The fast-moving consumer goods (FMCG) industry relies on good rotation, and the latest information about consumer desires in order to be most profitable. Historically, companies have been using demand planning solutions to provide statistics on popular consumer demands. Theoretically this works well as it provides vendors with information which has previously reaped good results, however what this does not account for is unpredictable events that cause a spike in certain items to sell. Cue SalesBeat and its use of AI.
The Fintech Times sat down with SalesBeat’s co-founder and CEO Veena Giridhar Gopal who explained more about the way AI could be used to eliminate sales losses and stock outs:
Tell me more about SalesBeat
SalesBeat is a platform that uses macro factors that influence consumer behaviour, both on a people by people level as well as on a more economic level, and bring those together to give the most up to date information to salespeople. The FMCG sector doesn’t have any sales intelligence solutions. We are the first to bring that to the market. Typically, salespeople use historical sales data and pre-agreed joint business plans to agree volumes as sales intelligence isn’t available for this sector. We want to help salespeople sell the right volumes on a timely basis so that customers have optimal stocks. i.e not too much that they need to discount it or destroy it and not too little that they go out of stock.
What makes you unique?
Salesbeat recommends optimal auto volumes. We are not a CRM. We are an app that tells salespeople what actions to take based on events and unpredictable circumstances. An example would be if there is a heatwave coming, the app might suggest a reorder of a specific, cool refreshment. Or if an ad for a beverage went viral on Twitter, then more people would be intrigued to buy it, meaning a reorder would be advised. These are the sorts of recommendations that the app gives salespeople. We are giving them actionable insights rather than sending a chart saying “your sales have gone from here to here, and consumer demand is expected to be there.”
Another feature is advising salespeople what promotion is best for what customer. The response to a certain item in one store might be completely different to the response of the same item in a different location. Tailoring AI to look at consumer behaviour helps individual stores make promotions based on sales in that location. This saves money in the long term as a company-wide promotion on the said product in the second location may be wasted, as the product was selling well and did not need the promotion.
What has the response been like?
Initially, people were confused by the lack of charts and graphs. People were saying, it is not giving us what we are used to. However, when we look at the users of the product itself, the feedback was great, as people told us “we need to reach x” and the platform broke down what was needed, and gave them the steps and advice to do so. We initially had a bot as well that told people what to do, but the feedback we got was that people did not like the bot; they would rather have a trackable app so we responded and acted on this.
Looking at AI in the sales field, what have been some of the greatest innovations and where does SalesBeat fit within this?

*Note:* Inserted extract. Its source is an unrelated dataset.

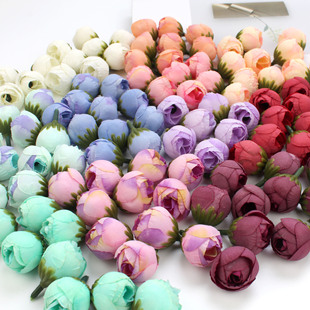 ����õ��С����diy�������󻨲����������С�����ñ�l���b�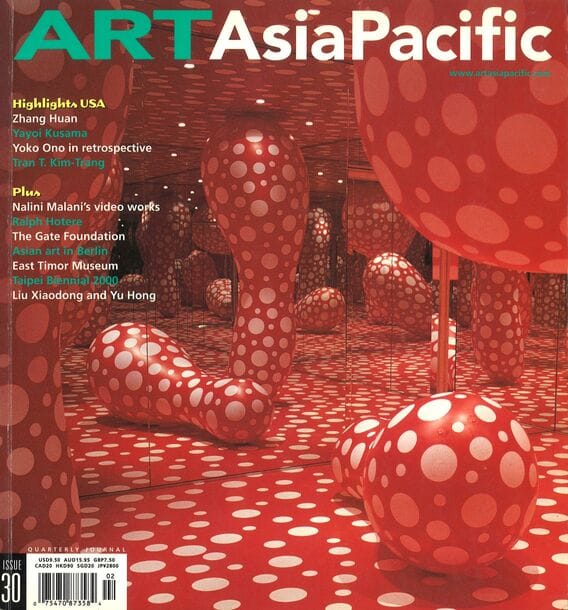 Issue 30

There’s been a lot of good AI in sales on a general basis – how you sell to customers, using the right wording, crafting the right emails, and at what point in time is the best time to approach them. In the retail sector specifically, there is a lot of interesting stuff happening in terms of visual AI and the merchandising space. Cameras have been installed that pick up where products are positioned so if they are not front-facing with the brands showing and in the right place, someone is notified to fix it. In the US, there are now robots patrolling aisles who monitor spills in-store and shelves for stockouts too.

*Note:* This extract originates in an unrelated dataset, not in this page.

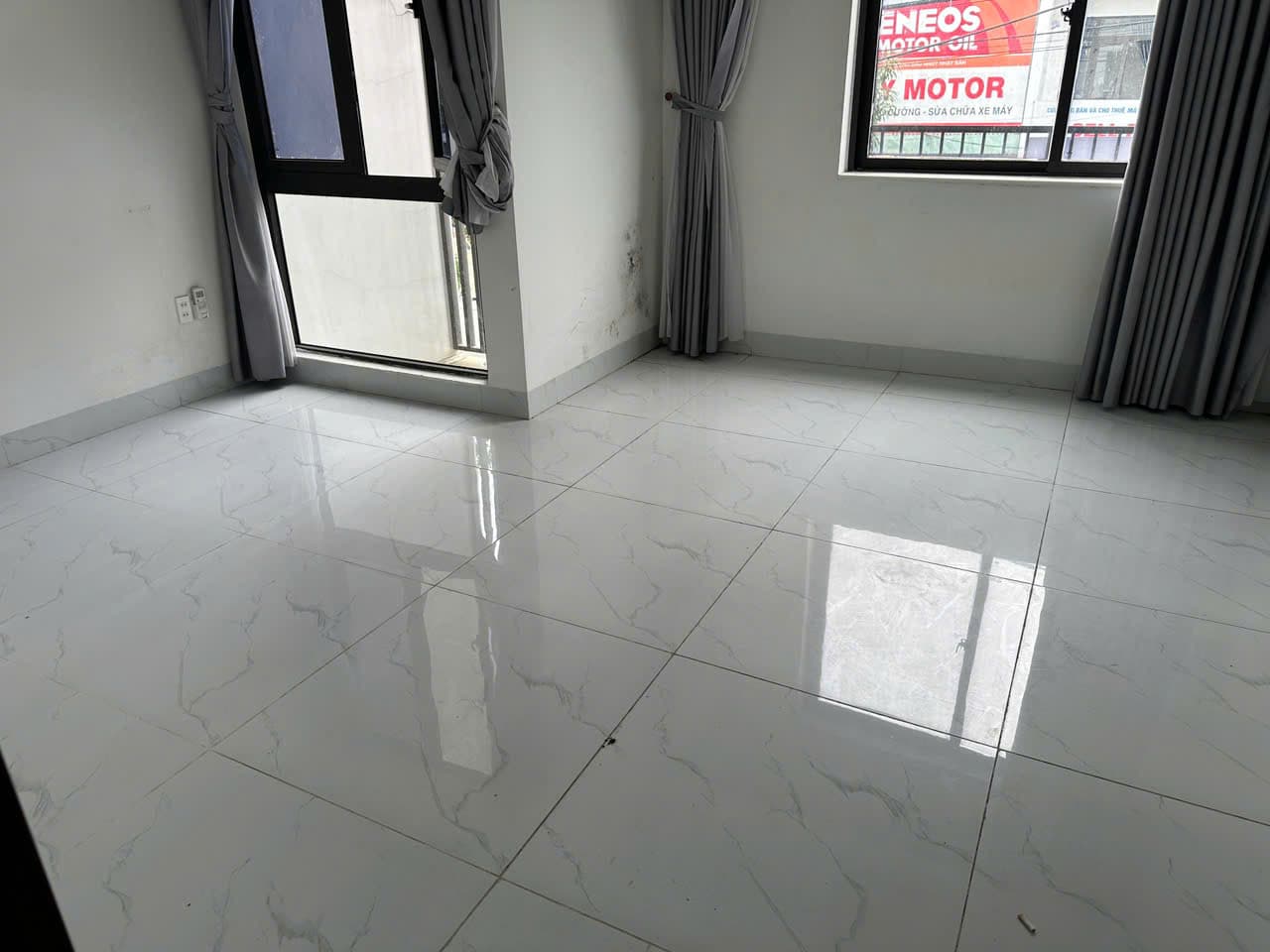 🏡 CHO THUÊ NHÀ 3 TẦNG ĐƯỜNG LÊ QUẢNG CHÍ 🏡 - Ảnh 2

The space we are in is reasonably neglected as it is not fancy and does not have anything to do with consumers. It’s basically ensuring that customers have enough stock in their warehouses, because the rationale is, if Tesco for example, do not have enough stock in their warehouses, how are they going to send stock to their stores? Not being adequately prepared for things that graphs and charts do not show companies can cause them to lose thousands of pounds in sales.
What still needs to be done in the field?
I think what’s still pending, is not really from the perspective of what can be done, but more along the lines of how can retailers – brand owners of FMCG companies – how can they actually work together in making the most of this because right now its retailers vs FMCG companies and there is a huge mismatch of information. Retailers have a lot and companies have very little. Using the same example as before, if there is a heatwave and a retailer has not prepared for this, the company sends the usual order. However, when this runs out, the company gets blamed for not sending enough to the retailer, which is unfair. They should be working together to make sure information is equal between both.